Cerise de terre (groseille du Cap)

La cerise de terre est utilisée en médecine populaire pour traiter plusieurs affections comme l’asthme, l’hépatite, la malaria et les rhumatismes. Des extraits provenant de feuilles de cerise de terre (utilisées traditionnellement au Congo) auraient démontré une forte activité contre le parasite plasmodium, responsable de la malaria.

Les cerises de terre contiennent du bêta-carotène, un antioxydant de la famille des caroténoïdes qui peut être converti en vitamine A dans l’organisme. Le bêta-carotène est le caroténoïde dont la conversion en vitamine A est la plus efficace. La vitamine A favorise la croissance des os et des dents, favorise une bonne vision, maintient la peau en santé et protège contre les infections.
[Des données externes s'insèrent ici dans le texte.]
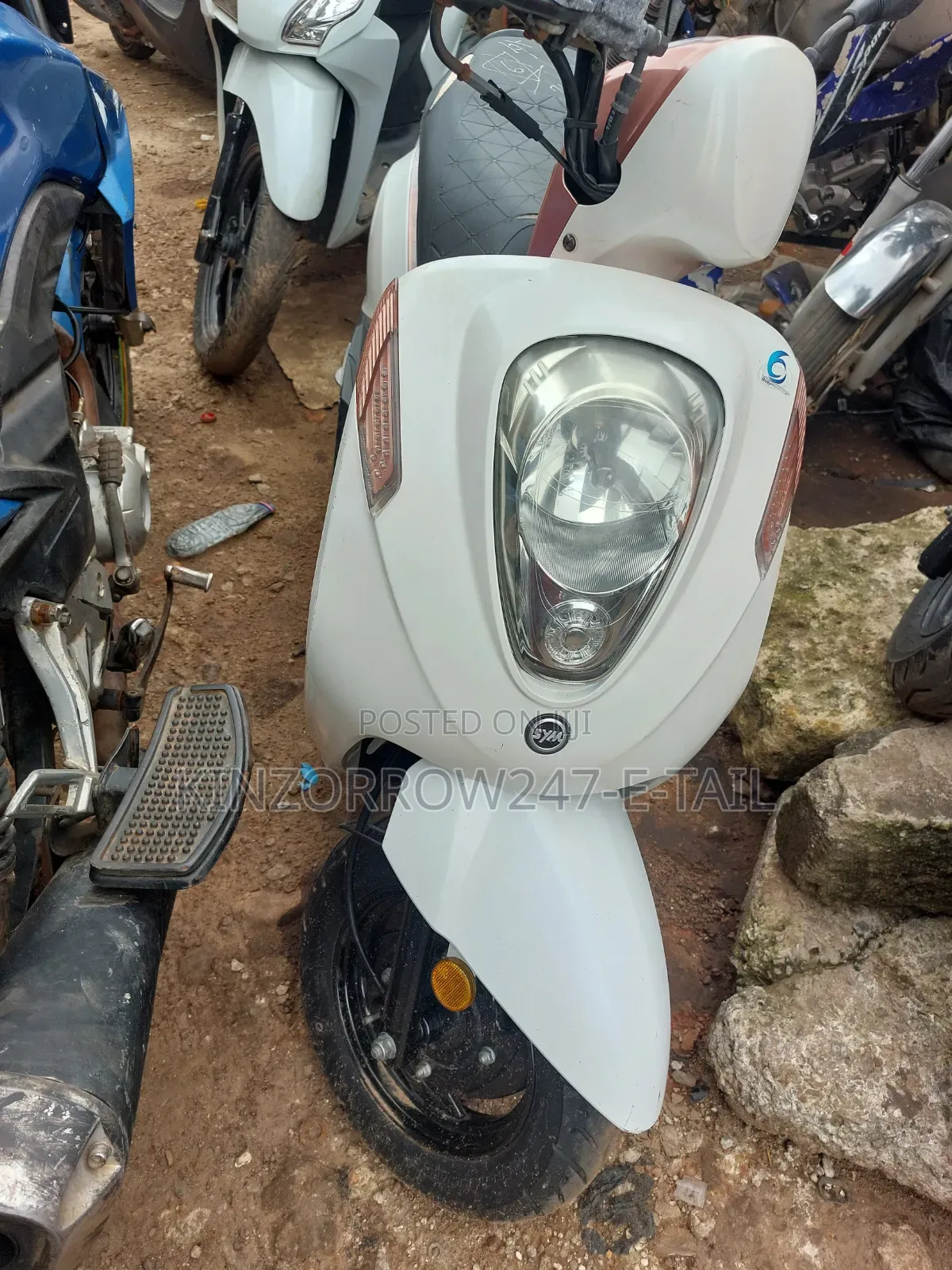 SYM Mio 2023 White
Des extraits de cerise de terre ont produit une diminution de l’œdème et eu des effets anti-inflammatoires chez des souris et des rats atteints d’arthrite et de dermatite. Des composés isolés à partir de la racine de la cerise de terre auraient également des effets anti-inflammatoires en diminuant entre autres la production de composés qui causent l’inflammation

Des composés issus d’extraits de cerise de terre auraient la capacité d’influencer la réponse du système immunitaire et des extraits de cerise de terre ont montré une activité antimicrobienne in vitro contre certaines bactéries, dont celle de la tuberculose.
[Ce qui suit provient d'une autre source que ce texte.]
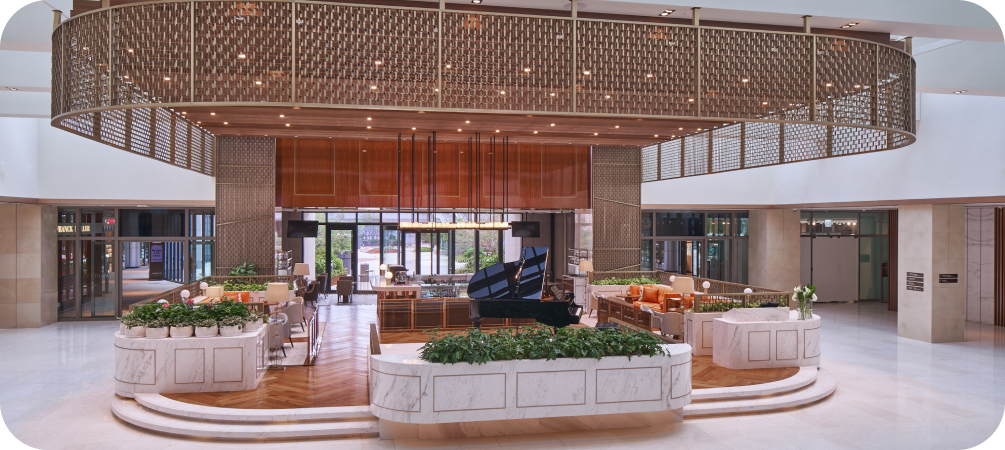 M LOUNGE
Très riche en pectine et en pectinase, le jus du fruit mûr se prête particulièrement bien à la confection de gelées et de confitures. On pourra s’en servir pour les sauces et les glaces destinées à rehausser les viandes ou les fruits de mer. On peut également cuire le fruit en compote avec du miel, comme on le fait en Colombie. On le sert au dessert avec de la crème glacée ou du yogourt nature. Séchée, elle ressemble à un raisin sec et se prête aux mêmes emplois culinaires. On pourra alors l’employer à la place des raisins frais dans la cuisson de la caille.